My best friend Heidi and her sweet boys, Brody (the older one) and Nikki. Without her support, I would have never made it here in Korea.

These are my closest, oldest friends back home. L to R: Carla, Kamil, me, Amy, Matt, Kim, and Kamil's wife, Darcy. While I was home, they took me to dinner at Blanco Cafe, a modest but popular Mexican restaurant in the middle of town. After dinner, we went to hear Cleto Rodriguez, a Christian comedian who used to attend my home church.

Rehearsal and Dinner: The night before the wedding became a sweet time for me to spend with my family before having to journey back to Korea the following week.

The day after the wedding, we gathered together at Christy's parents' house for lunch, fellowship, and to watch them open their wedding presents.

Along with a gift for the couple, I brought other gifts from the Land of the Morning Calm to pass out to my family--which my mom thoroughly enjoyed.

This is a group of people--my family, really--to whom I have stayed close since graduating high school and joining their "college group." Brenda (top), her husband, and children have ministered to me greatly over the years, along with my dear friend Carla (bottom). As I rode with Carla back home one night, she told me, "It was a big thing that you left and it matters that you came back."

The night before I caught my plane flight back to Korea, Kim (above) asked if we could get some late-night dinner at the local IHOP and catch up, "since you're probably not gonna get sleep tonight anyway." As it was the last time I'd get to see her for a while, how could I refuse?

Sunday, February 6, 2011

Detriments of Language Barriers

Last Friday, February 4, as part of our three-day celebration of Seoulal, I invited my friend Holly to come down from Seoul to visit me in the Byeongjeom area. After four and a half hours of travel time and minimal communication between us, she still hadn't shown up at my door. When she called from a stranger's cell phone to tell me that she had gotten off at the wrong bus stop, I decided to come get her.

Running across the darkening street minutes before 6 that night, I stepped into the back seat of the only cab waiting at the taxi stop. "Sen-tuh-ral Pah-kuh ka chuseyo," I asked the driver in my best Korean.

"Odi?" he countered. Where?

I didn't answer him. As the Park itself is several thousand acres, I figured he'd take me to the most popular side and if need be, I could direct him from there. I didn't know how to say, "The central part of Central Park--you know, where everyone goes."

He asked me something unitelligible in Korean as we set off, but I ignored that question as well.
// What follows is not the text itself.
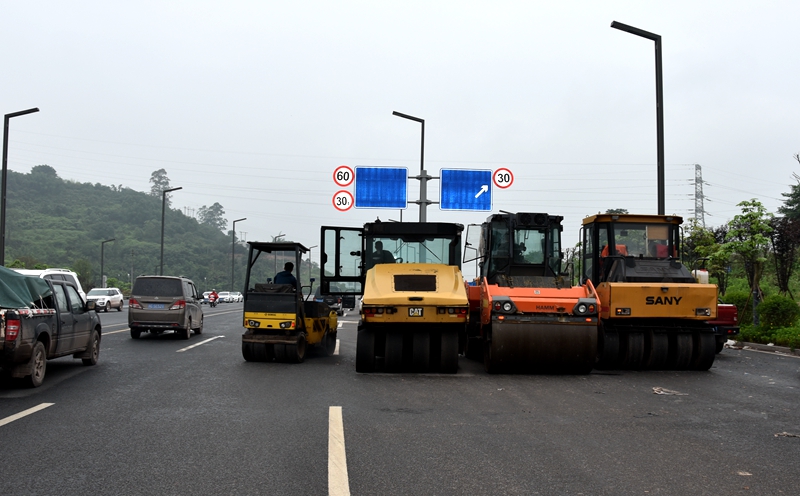 泸州长江二桥沥青混凝土摊铺施工作业顺利推进(图3)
I then saw him motion someone downing a shot glass with his right hand, and heard him couch his action with yet another indistinct question. Though I couldn't understand his words, his meaning was unmistakable.
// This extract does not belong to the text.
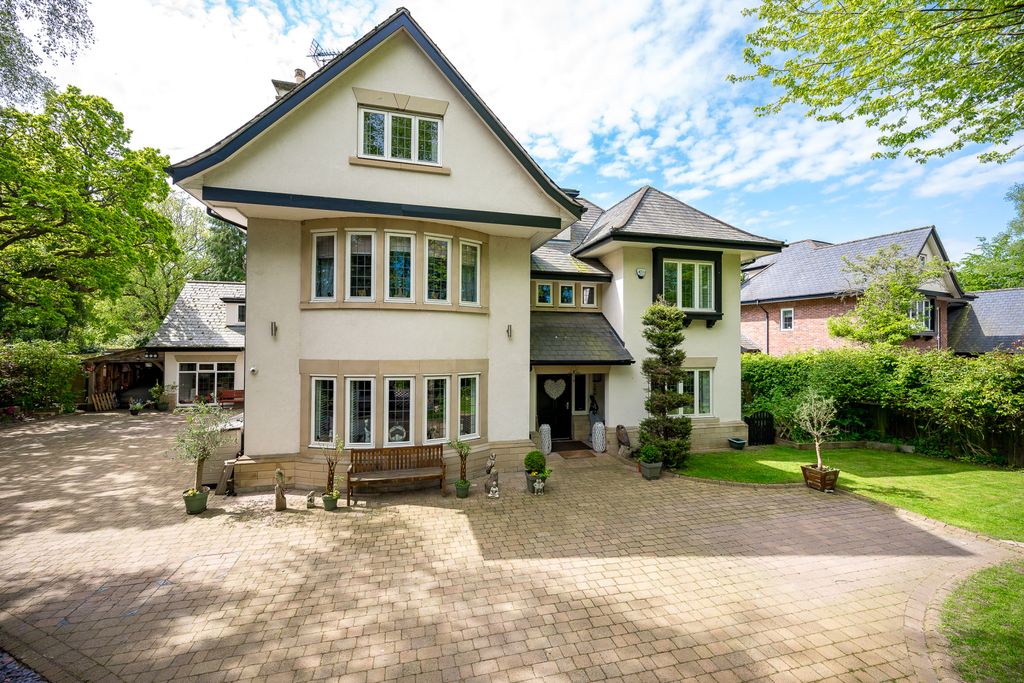 Property photo 1 of 27 Torkington Road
He had just witnessed me running across the street! Drunk people don't walk, much less run! Appalled, I sharply corrected him. "Andeo," I answered forcefully. Young Sook had recently taught me that the word was synonymous with heck no.

"Anio?" he asked politely, glancing at me through the rearview mirror. After a few steely moments, he asked another question. Seeing the still-blank look on my face, he added, "Country?"
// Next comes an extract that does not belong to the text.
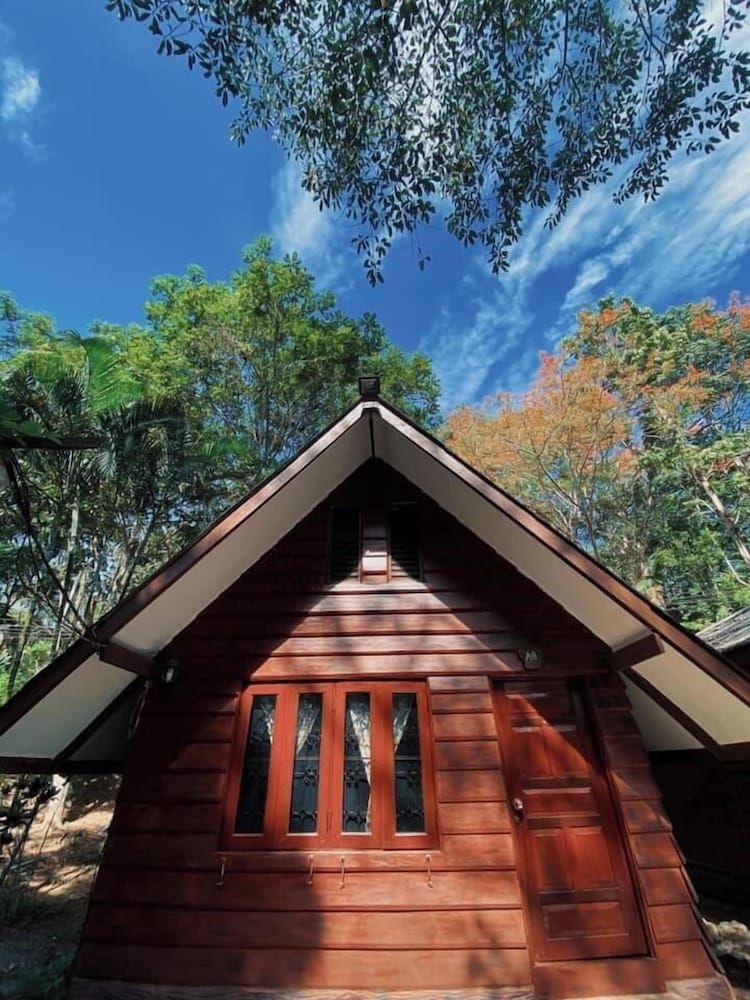 Hotel · hormmuenlee resort, Sangkhla Buri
"Miguk. Miguk saram eh-ee-yo," I said in perfect Korean, in an effort to redeem myself.

"Miguktharameeoh..." he repeated in mock drunk-speech, mimicking my apparent ill pronunciation.

The man continued to ask me questions as he drove on, many of them familiar ones like "Where do you work?" and "Are you an English teacher?" But I stopped answering them--and whatever I did answer was in the form of a curt, one-word response.

Ten minutes later, we arrived at the Park, just across the street from where Holly sat waiting. I could have asked the man to hold while I called to my friend, but nothing within me wanted to spend another moment in his taxicab. I quickly paid my oh chon won and left.

Frustrated, I confessed the story to Holly as we stood in the cold waiting for bus 27. "I don't care about my witness, Holly," I told her. "If you know me, you know that's not who I am. What upsets me is that this is his perception."

"The sad thing is that those are the kinds of foreigners he sees," she intoned. And I had to admit she was probably right.